If the goods are not taken by the Merchant at the time when the Carrier is
entitled to call upon him to take delivery, the Carrier shall be at liberty at
the sole risk and expense of the Merchant to put the goods in safe custody.
For cargoes
of such nature that Port Authorities allow loading and discharge by direct
delivery only, the Merchant shall be notified by the agent if so possible.
Should the Merchant fail to arrange direct delivery all relevant charges
including return freight and handling will be charged to the cargo interests.
6. HAZARDOUS GOODS, MARKINGS. Goods of a dangerous or hazardous nature
and radio-active material must not be tendered for shipment unless a written
certificate of declaration has been given to the Carrier stating:
(a) That the goods, and if applicable the container, flat, trailer, etc. are properly marked, labelled and are adequately packed, and,
(b) The correct technical name, nature and class of dangerous goods.

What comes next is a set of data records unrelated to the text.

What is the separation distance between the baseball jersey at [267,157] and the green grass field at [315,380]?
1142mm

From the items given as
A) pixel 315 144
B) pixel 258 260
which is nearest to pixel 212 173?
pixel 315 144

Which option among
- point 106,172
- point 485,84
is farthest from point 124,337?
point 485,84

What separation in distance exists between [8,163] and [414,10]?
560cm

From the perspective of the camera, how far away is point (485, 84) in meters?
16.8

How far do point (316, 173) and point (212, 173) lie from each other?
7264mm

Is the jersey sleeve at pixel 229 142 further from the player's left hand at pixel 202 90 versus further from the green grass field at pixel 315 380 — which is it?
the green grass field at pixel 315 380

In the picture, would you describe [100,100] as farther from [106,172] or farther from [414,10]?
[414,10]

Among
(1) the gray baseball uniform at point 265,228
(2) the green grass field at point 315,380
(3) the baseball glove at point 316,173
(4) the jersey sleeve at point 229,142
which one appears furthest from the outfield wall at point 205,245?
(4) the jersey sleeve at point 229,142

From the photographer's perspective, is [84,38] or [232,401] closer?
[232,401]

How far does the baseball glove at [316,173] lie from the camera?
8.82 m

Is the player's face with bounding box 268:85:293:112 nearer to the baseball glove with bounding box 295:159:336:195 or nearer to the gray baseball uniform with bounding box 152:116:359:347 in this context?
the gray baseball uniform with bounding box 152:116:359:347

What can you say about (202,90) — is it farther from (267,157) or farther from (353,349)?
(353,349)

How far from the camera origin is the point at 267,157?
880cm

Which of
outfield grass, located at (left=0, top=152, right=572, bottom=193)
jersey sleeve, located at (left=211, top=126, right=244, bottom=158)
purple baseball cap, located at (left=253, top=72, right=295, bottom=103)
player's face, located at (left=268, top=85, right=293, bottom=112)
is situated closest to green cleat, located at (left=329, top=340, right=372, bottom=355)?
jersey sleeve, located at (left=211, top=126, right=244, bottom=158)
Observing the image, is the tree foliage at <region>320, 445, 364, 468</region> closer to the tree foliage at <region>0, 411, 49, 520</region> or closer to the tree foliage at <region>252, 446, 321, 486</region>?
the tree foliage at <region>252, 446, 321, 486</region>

The Merchant shall also be responsible for including such information in the “Particulars Furnished By the Merchant” marking each such item with an “*” in the column entitled <<H.M.>> for Hazardous Merchandise.

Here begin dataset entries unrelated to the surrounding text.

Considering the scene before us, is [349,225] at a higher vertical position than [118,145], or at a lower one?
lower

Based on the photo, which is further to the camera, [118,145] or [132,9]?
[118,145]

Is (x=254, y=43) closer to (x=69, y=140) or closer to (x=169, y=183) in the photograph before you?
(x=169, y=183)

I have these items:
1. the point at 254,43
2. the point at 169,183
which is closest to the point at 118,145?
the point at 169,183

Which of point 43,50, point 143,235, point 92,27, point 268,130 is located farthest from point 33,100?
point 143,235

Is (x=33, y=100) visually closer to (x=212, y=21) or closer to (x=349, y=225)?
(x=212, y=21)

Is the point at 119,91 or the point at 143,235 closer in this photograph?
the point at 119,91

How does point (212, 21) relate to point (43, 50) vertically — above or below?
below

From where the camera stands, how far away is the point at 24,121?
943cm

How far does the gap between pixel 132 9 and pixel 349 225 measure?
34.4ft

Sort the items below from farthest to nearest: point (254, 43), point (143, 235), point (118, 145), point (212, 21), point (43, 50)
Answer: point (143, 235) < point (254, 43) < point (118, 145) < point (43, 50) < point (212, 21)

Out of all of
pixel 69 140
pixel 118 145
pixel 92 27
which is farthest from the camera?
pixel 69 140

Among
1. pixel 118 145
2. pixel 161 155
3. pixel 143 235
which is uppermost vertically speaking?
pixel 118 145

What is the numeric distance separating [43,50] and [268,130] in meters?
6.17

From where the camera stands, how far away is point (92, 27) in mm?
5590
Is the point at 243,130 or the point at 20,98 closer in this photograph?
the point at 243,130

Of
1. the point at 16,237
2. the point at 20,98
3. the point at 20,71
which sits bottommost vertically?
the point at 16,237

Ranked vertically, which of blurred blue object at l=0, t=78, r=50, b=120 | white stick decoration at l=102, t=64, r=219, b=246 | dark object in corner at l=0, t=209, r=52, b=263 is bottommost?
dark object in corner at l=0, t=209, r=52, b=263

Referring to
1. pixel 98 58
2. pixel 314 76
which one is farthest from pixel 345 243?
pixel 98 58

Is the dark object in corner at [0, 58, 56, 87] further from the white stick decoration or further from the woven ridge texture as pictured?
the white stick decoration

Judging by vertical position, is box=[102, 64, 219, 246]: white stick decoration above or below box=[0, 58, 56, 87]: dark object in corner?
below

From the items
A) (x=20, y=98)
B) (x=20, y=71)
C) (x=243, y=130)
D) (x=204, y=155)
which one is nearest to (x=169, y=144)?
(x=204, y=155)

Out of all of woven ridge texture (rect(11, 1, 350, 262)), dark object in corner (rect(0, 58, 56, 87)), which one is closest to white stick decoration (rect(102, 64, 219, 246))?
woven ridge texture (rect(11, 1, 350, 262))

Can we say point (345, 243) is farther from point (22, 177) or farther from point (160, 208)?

(c) Marking, Sorting, Etc. The Merchant shall ensure that break-bulk goods shall be distinctly and permanently marked. Each consignment must be sorted according to marks and in such order as to enable separate stowage and corresponding delivery.
7. DEPARTURE AND ARRIVAL DATES in the Carrier’s liner position lists,
sailing lists and other advertisements, are given without any warranty, and no
claims shall be acceptable for any change in the dates nor even in the case of
the vessel’s non-departure for whatever cause. Carrier shall have the right to
change sailing and arrival dates without notice.
8. EXPORT
OR IMPORT IMPEDIMENTS. Should the goods be refused exportation or
importation by any government or authority, or by anybody purporting to act with
the authority of any government of authority, or should the goods in the
Carrier’s opinion be in such condition that he considers it advisable to
discharge, tranship, return, remove or destroy them, then he shall be entitled
to do so at any port or place.
In such case the Merchant shall bear the risk for the goods and the cost
directly or indirectly incurred and in such cases the freight remains earned and
the additional freight is payable by Merchant for extra transportation or
handling or for carriage beyond the port or place where the Carrier would have
been entitled to discharge the goods.
9.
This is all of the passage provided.